## WHAT THE TASK ASKS
In the data below, the copy begins at the line containing "Hey, this is" and runs through the last line; repeat those lines exactly, minus the pictures.

---------- SOURCE MATERIAL

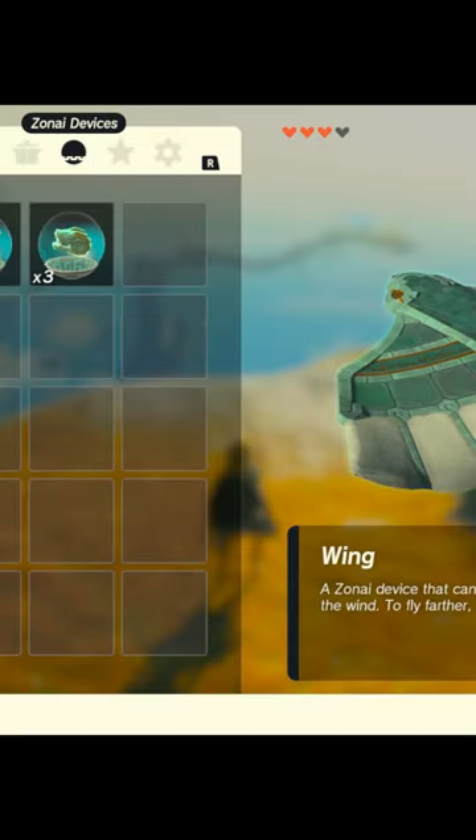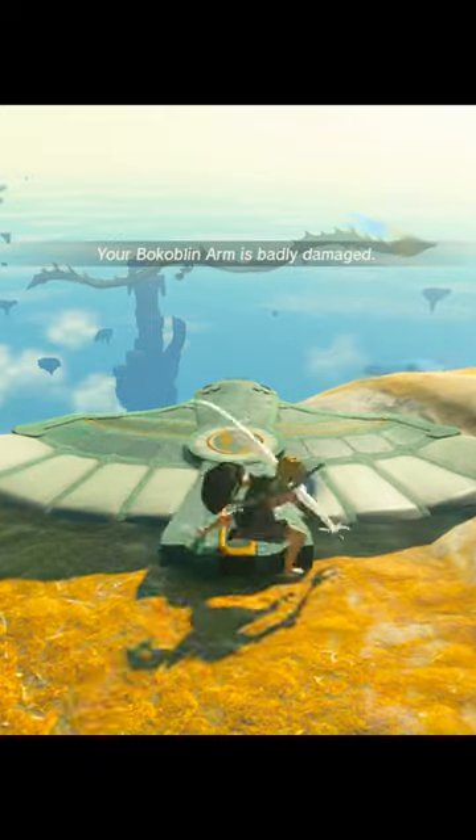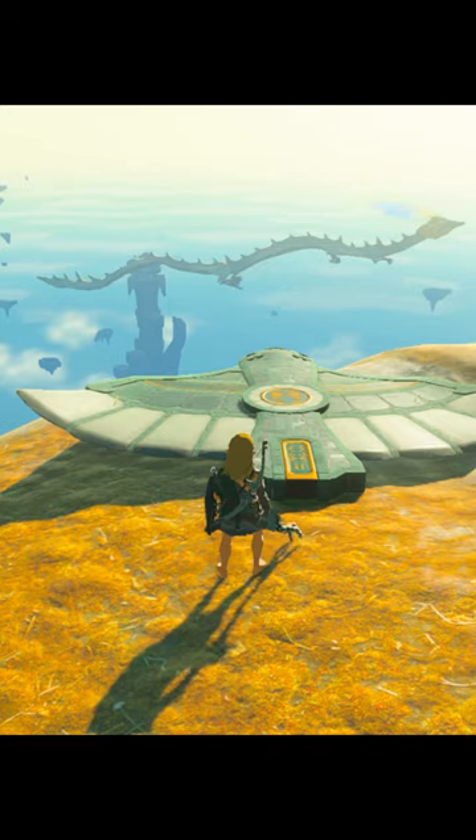Did you know about this trick of the wing in Zelda Tears of the Kingdom? Normally, you need rails to lift the wing, but there is a way to do it without the rail.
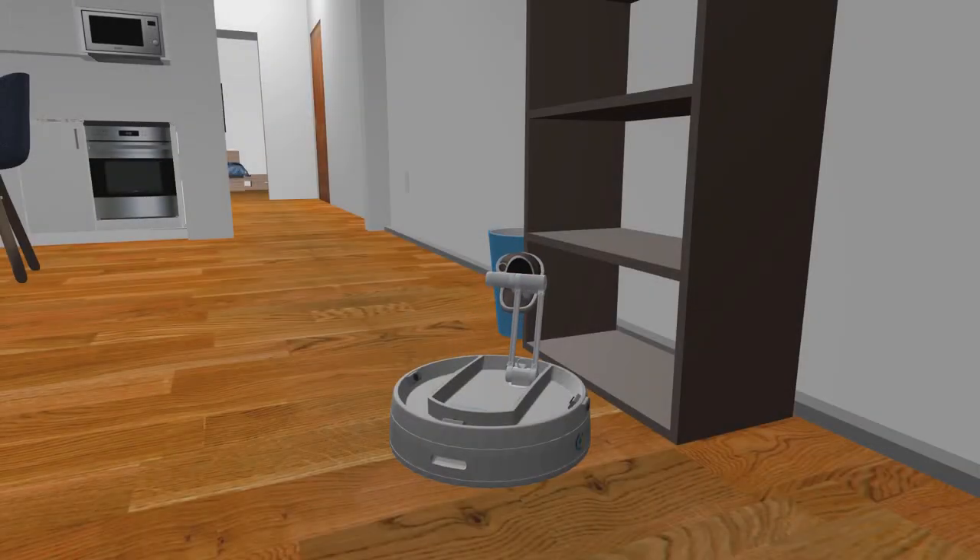A low-cost arm even enables completely new tasks for the robot, such as tidying up and storing your belongings away.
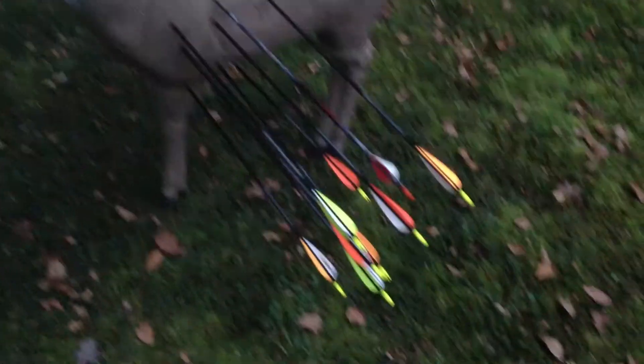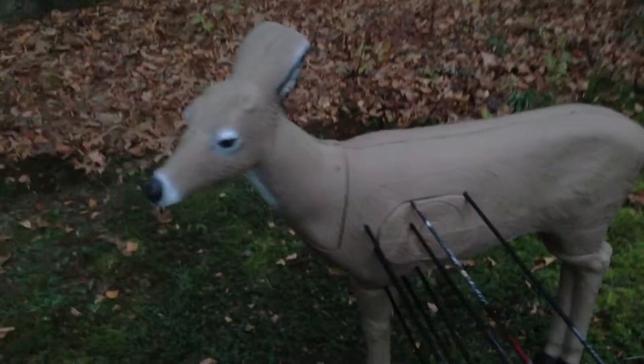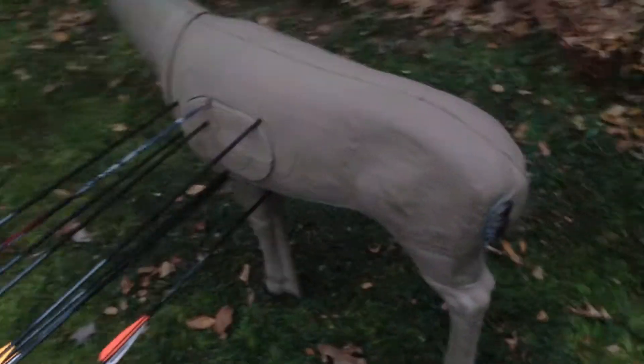Hey, this is Fishing Gamer, doing a quick review on Delta McKenzie's Challenger Buck target. Overall, I think it's a good acquisition.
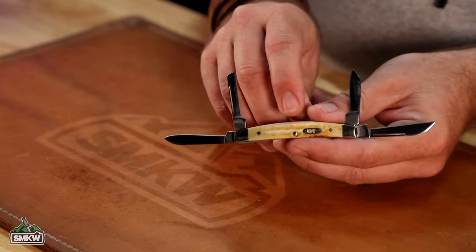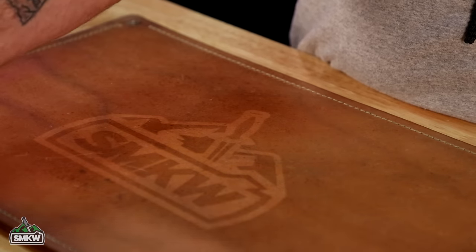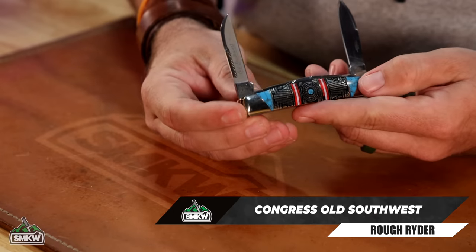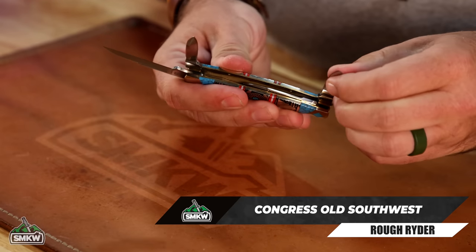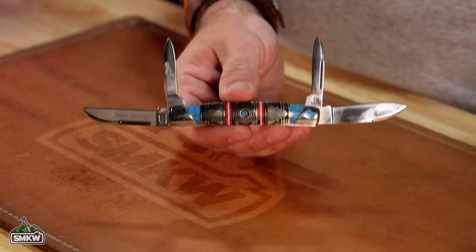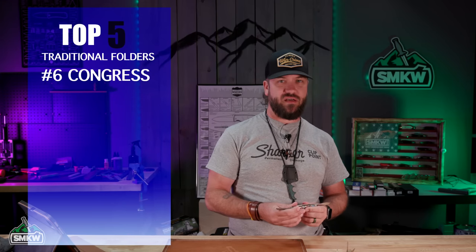That's not the only kind of Congress we have — this is the Small Congress. I've actually got an example of a normal-sized Congress right here, in our Rough Rider Old Southwest Series. Absolutely love this one — got the reverse frost etching on the blade. Also a four-blade pattern: spear point, pin blade, sheep's foot, two pen blades. The Case Small Congress is coming in at $69.99; the Rough Rider Old Southwest is coming in at just $19.99. So that's number six on our top five — I know that doesn't make any sense. It's kind of an outlier because it's not usually one of the most popular patterns of traditional folding knives.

--------------------

## ANSWER BELOW
Hey, this is Fishing Gamer, doing a quick review on Delta McKenzie's Challenger Buck target. Overall, I think it's a good acquisition.
That's not the only kind of Congress we have — this is the Small Congress. I've actually got an example of a normal-sized Congress right here, in our Rough Rider Old Southwest Series. Absolutely love this one — got the reverse frost etching on the blade. Also a four-blade pattern: spear point, pin blade, sheep's foot, two pen blades. The Case Small Congress is coming in at $69.99; the Rough Rider Old Southwest is coming in at just $19.99. So that's number six on our top five — I know that doesn't make any sense. It's kind of an outlier because it's not usually one of the most popular patterns of traditional folding knives.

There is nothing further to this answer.